Forums Pagination

Forums currently does some of it's pagination in memory. I would like to optimize some of this code and push the pagination down to the database level. This writeup was done to see if this work could be used as a hackathon project.

Overview

Diving in to the code, the project does use a pagination gem:

https://github.com/edx/cs_comments_service/blob/bbeggs/mongodb-3.0-PLAT-730/Gemfile#L35 (docs: https://github.com/mislav/will_paginate)

However this isn’t used to to paginate everything. Here is the only occurrence that I have found: https://github.com/edx/cs_comments_service/blob/bbeggs/mongodb-3.0-PLAT-730/lib/helpers.rb#L219

 

Most of the pagination that is hurting us is based in the following locations:

https://github.com/edx/cs_comments_service/blob/bbeggs/mongodb-3.0-PLAT-730/presenters/thread.rb#L26-L110

https://github.com/edx/cs_comments_service/blob/bbeggs/mongodb-3.0-PLAT-730/api/users.rb#L31-L55 (this calls the above code, we need to figure out exactly what is happening here to see if we could cut down on any queries done here as well)

https://github.com/edx/cs_comments_service/blob/bbeggs/mongodb-3.0-PLAT-730/lib/helpers.rb#L121-L230

  

I see 2 major uses cases that we need to take care of:

  • pagination of thread responses
  • pagination of threads that are unread.

 

Thread Responses:

This may not be so bad actually, if you look at these lines only the object_id is being returned:

https://github.com/edx/cs_comments_service/blob/bbeggs/mongodb-3.0-PLAT-730/presenters/thread.rb#L74-L76

 

I created a PR to fix this here:

https://github.com/edx/cs_comments_service/pull/140

 

Even this could have a mixed result as far as performance goes. It could make large threads return faster, but smaller threads make take more time, see the PR.

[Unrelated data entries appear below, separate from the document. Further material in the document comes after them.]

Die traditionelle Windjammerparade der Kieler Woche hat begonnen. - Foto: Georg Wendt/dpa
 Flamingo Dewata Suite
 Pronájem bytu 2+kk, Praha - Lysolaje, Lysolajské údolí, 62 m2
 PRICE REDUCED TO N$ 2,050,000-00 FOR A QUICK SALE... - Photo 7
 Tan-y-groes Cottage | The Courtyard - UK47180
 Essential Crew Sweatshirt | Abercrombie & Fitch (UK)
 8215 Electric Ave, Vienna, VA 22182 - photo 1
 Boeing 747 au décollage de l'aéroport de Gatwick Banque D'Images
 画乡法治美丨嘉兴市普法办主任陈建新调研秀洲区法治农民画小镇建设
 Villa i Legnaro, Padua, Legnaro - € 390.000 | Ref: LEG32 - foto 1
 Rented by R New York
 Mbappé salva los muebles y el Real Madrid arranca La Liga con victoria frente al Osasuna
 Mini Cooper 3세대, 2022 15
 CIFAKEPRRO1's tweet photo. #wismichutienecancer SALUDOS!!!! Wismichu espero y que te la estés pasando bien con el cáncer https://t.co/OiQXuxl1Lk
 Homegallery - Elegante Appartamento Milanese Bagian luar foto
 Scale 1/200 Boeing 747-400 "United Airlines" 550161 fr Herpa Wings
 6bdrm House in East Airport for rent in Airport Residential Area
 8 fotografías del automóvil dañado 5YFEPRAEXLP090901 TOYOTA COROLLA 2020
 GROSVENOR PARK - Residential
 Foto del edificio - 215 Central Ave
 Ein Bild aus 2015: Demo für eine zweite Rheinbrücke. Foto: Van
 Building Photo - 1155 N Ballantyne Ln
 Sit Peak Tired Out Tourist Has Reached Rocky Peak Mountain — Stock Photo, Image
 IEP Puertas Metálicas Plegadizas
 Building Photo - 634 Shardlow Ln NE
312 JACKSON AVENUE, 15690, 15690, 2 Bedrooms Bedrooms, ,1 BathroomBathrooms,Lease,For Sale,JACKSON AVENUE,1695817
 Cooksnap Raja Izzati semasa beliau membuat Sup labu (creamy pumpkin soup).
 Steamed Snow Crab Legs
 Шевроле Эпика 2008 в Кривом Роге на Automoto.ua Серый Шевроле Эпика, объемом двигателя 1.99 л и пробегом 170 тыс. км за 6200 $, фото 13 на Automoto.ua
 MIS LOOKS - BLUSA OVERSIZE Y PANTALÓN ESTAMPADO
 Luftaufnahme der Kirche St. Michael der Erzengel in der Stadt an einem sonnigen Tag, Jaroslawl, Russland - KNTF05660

Even with the fixes in PR 140 we could probably experience good performance gains if you move that logic to a stored javascript function as well and that may also be the way to go. My concern is how to we test it? But at the same time we do have specs for this functionality already, it would just run the slimed down ruby code that calls the JS. Though the stored javascript approach could make it harder to find errors. FWIW I have not looked in to how people really use and test these kind of stored javascript procedures.

 

(quick aside:

Going through this some more I also notice that we are doing a tree traversal here:

https://github.com/edx/cs_comments_service/blob/bbeggs/mongodb-3.0-PLAT-730/presenters/thread.rb#L85-L110

This quite possibly could also be big performance hit on large threads, we should investigate further down the line.

)

 

Unread threads:

After review it looks like the main issue here is filtering for pagination when attempting to view only unread items. The comment in the code:

# Filter and paginate based on user read state.  Requires joining a subdocument of the

# user object with documents in the contents collection, which has to be done in memory.

 

The problem here is that mongo can’t join between the users collection for their threads last read date and the content collection. Since we can not do this we query for the comment threads (with the filtering criteria that is directly above it in the code then it iterates in batches over those threads and picks out the unread threads. 

 

You might be able to write a better query or use the aggression framework, but it could be difficult. The aggregation framework might be the better choice using match and skip, but the code would need to start tracking the number of documents skipped pre-filter (as opposed to post-filter as it does now). 

 

The other option to consider here would be to re-write this logic in javascript and insert it as stored javascript on the server (almost analogous to a stored procedure). You could possibly even move the filtering logic there as well. If you did this you could just pass in the user id then leave the JS on the server to take care of doing the manual join on the users read states and items in the content table. TBH this is probably your best choice to improve performance. 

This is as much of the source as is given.